** Opening SUPPLIED MATERIAL block **

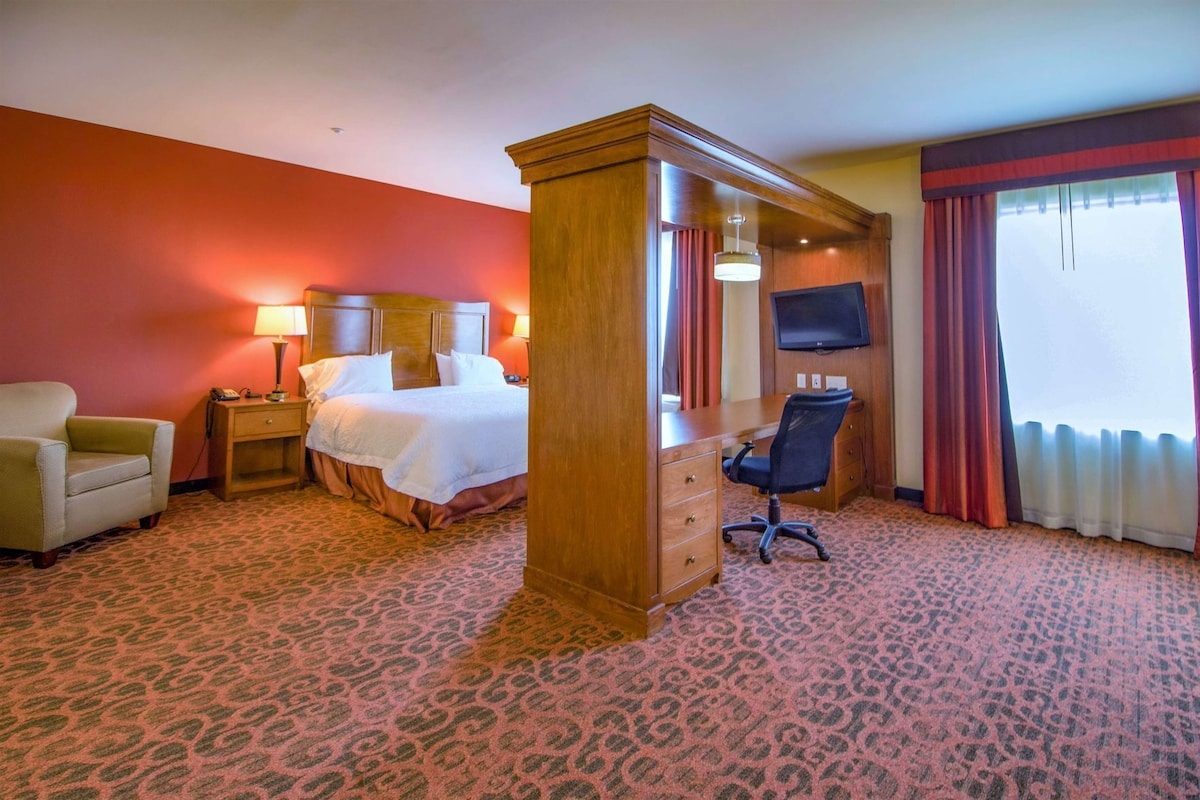 A hotel room with a bed, a desk, a chair, a TV, and a window with curtains.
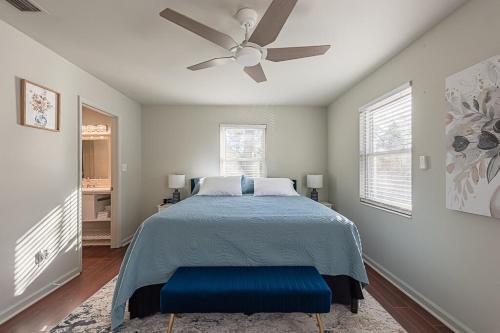 a bedroom with a bed with a ceiling fan at Elegant Townhome Retreat with King Bed Near I-10, Capitol, FSU & FAMU in Tallahassee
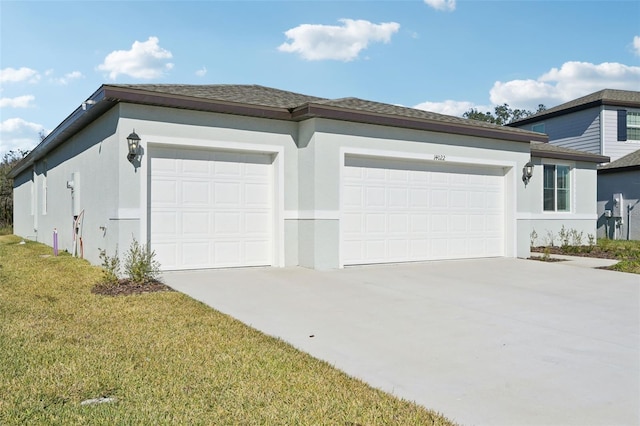 view of front of home with a front yard and a garage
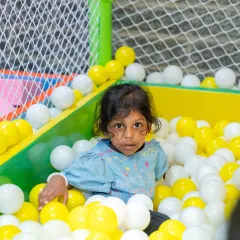 A moment of quiet contemplation amidst the fun. Even in a dynamic play area, children find their own space, showcasing their growing independence and comfort in the environment we've created.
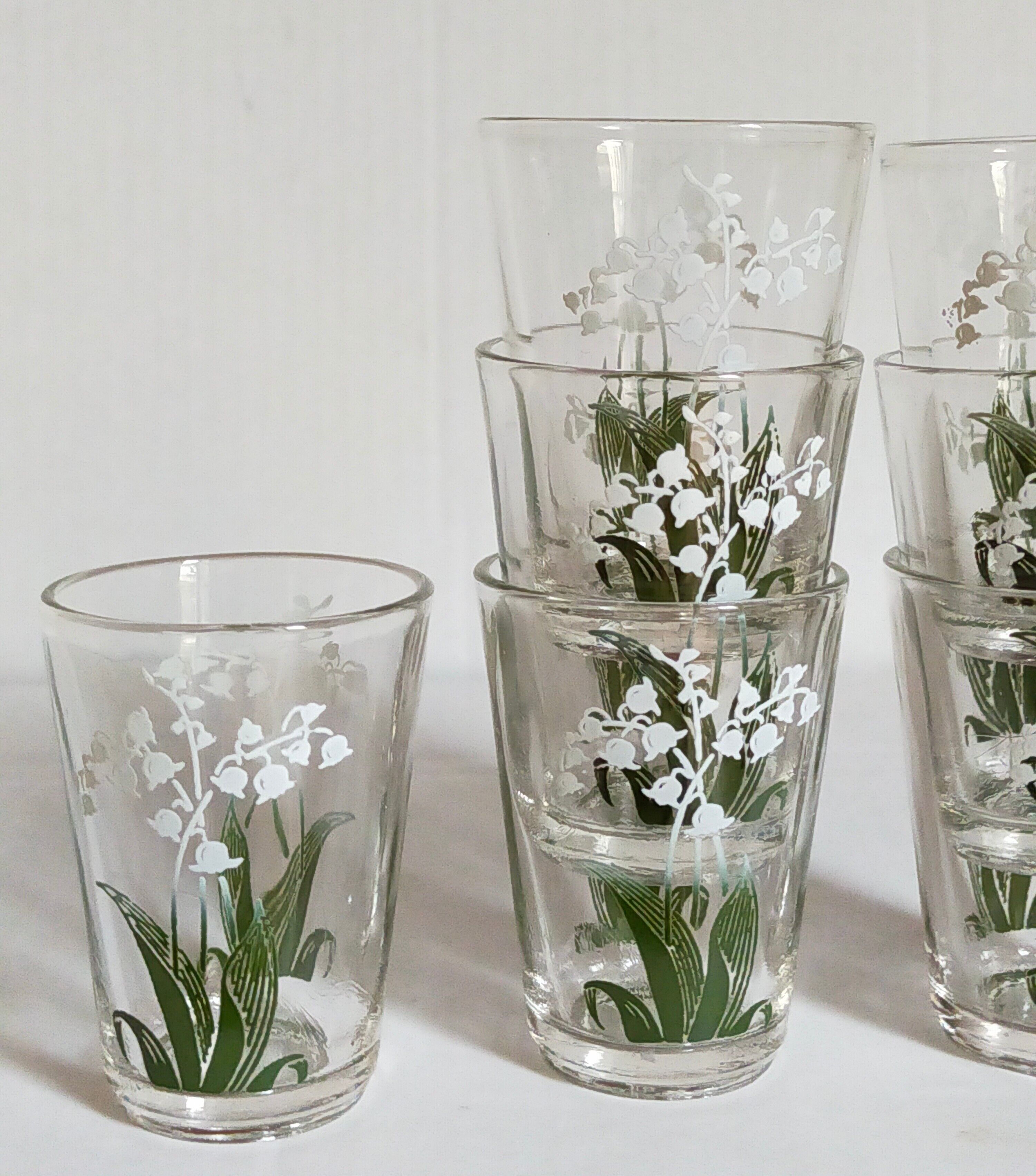 Seven glasses with digestive screen-printed with thrush, 30s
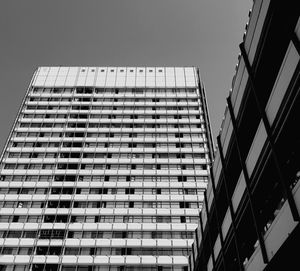 Low angle view of modern buildings against clear sky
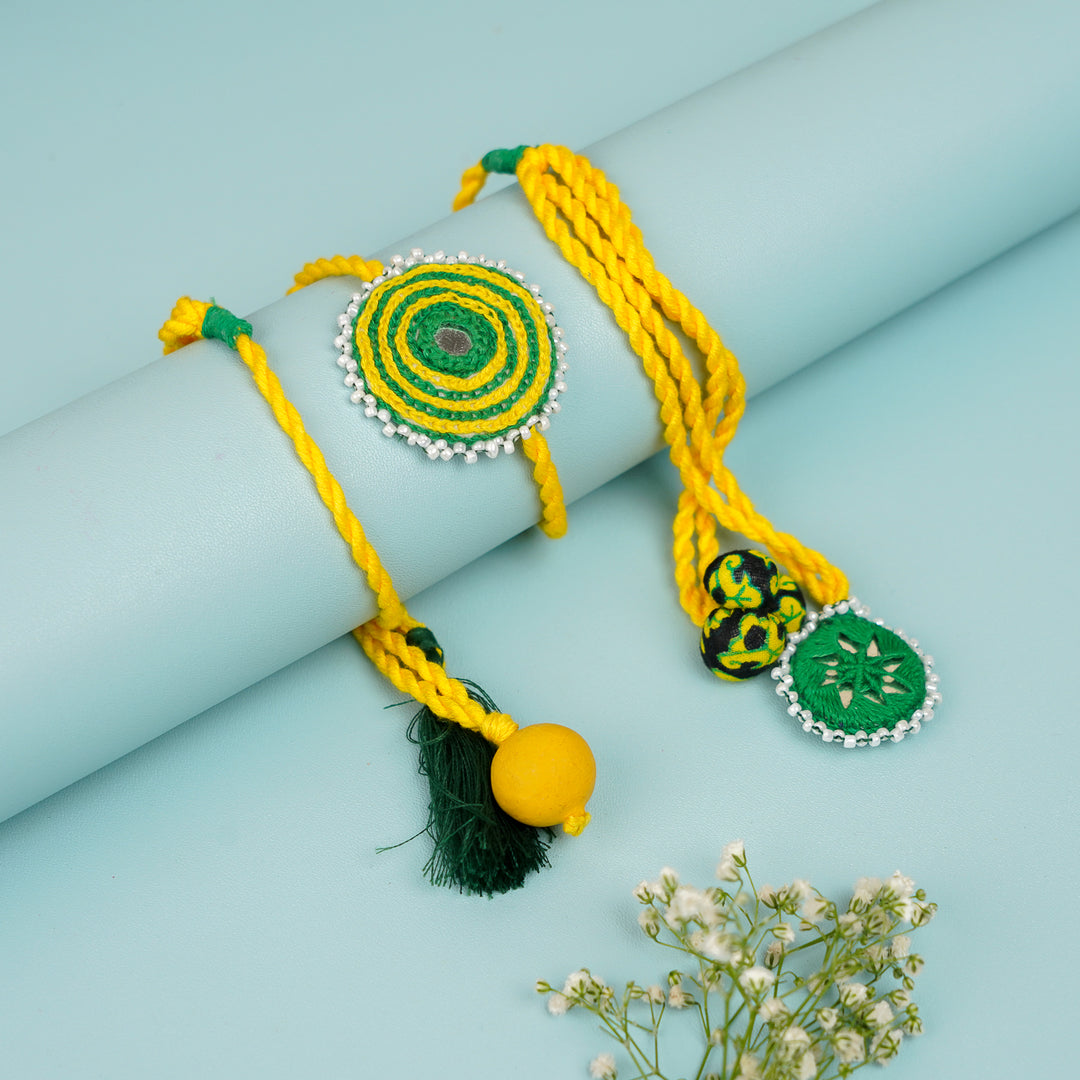 Handmade Reusable Yellow And Green Mirror And Jhumki Cotton Rope Rakhi For Bhaiya And Bhabhi - Rolled Display with Charms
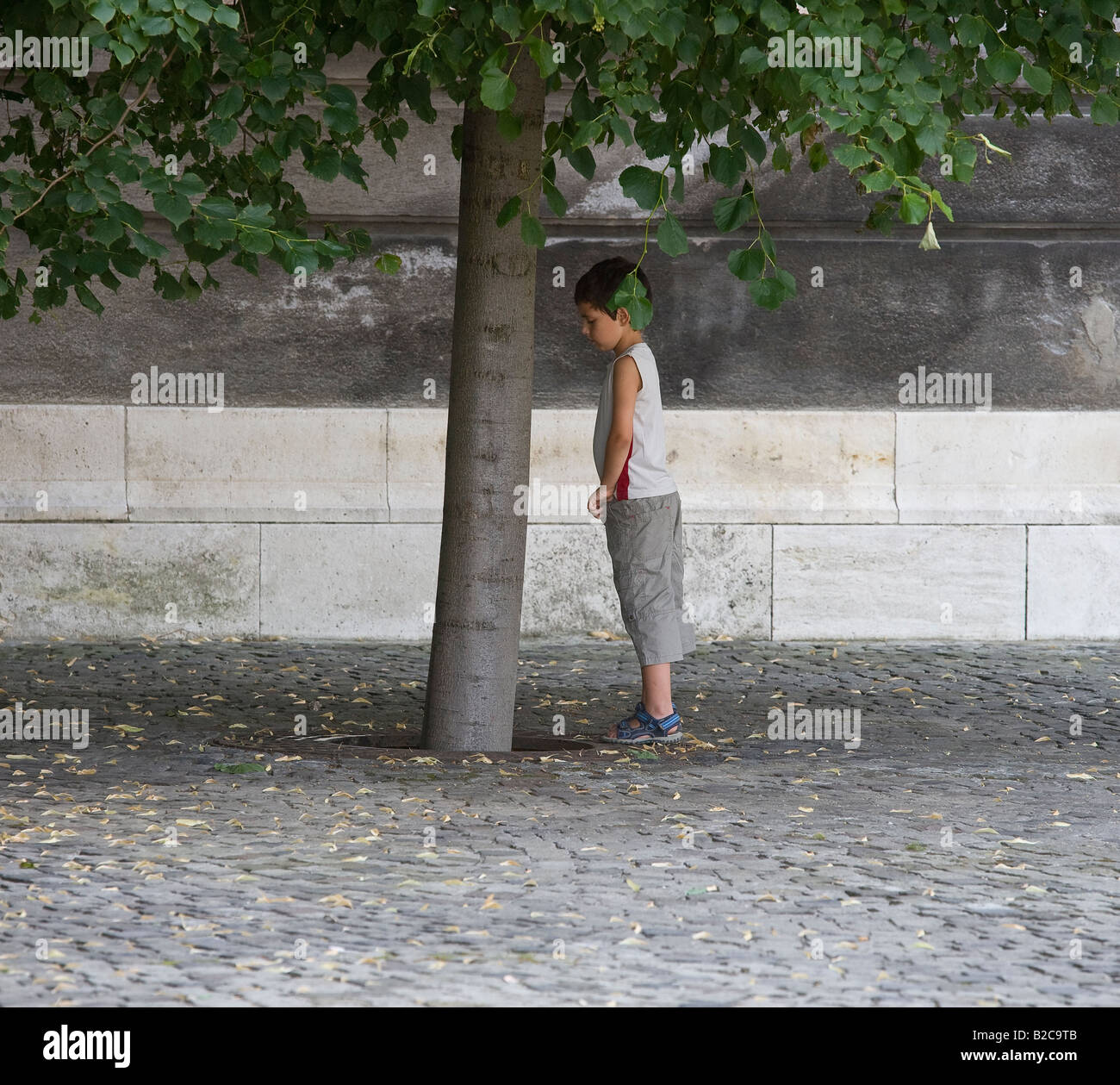 Guy peeing in the woods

** Closing SUPPLIED MATERIAL block **

■ BRIEF:
Please transcribe exactly the lines from the start of the records through the line containing "view of front", leaving the pictures out.

■ ANSWER FOR THE TASK:
 A hotel room with a bed, a desk, a chair, a TV, and a window with curtains.
 a bedroom with a bed with a ceiling fan at Elegant Townhome Retreat with King Bed Near I-10, Capitol, FSU & FAMU in Tallahassee
 view of front of home with a front yard and a garage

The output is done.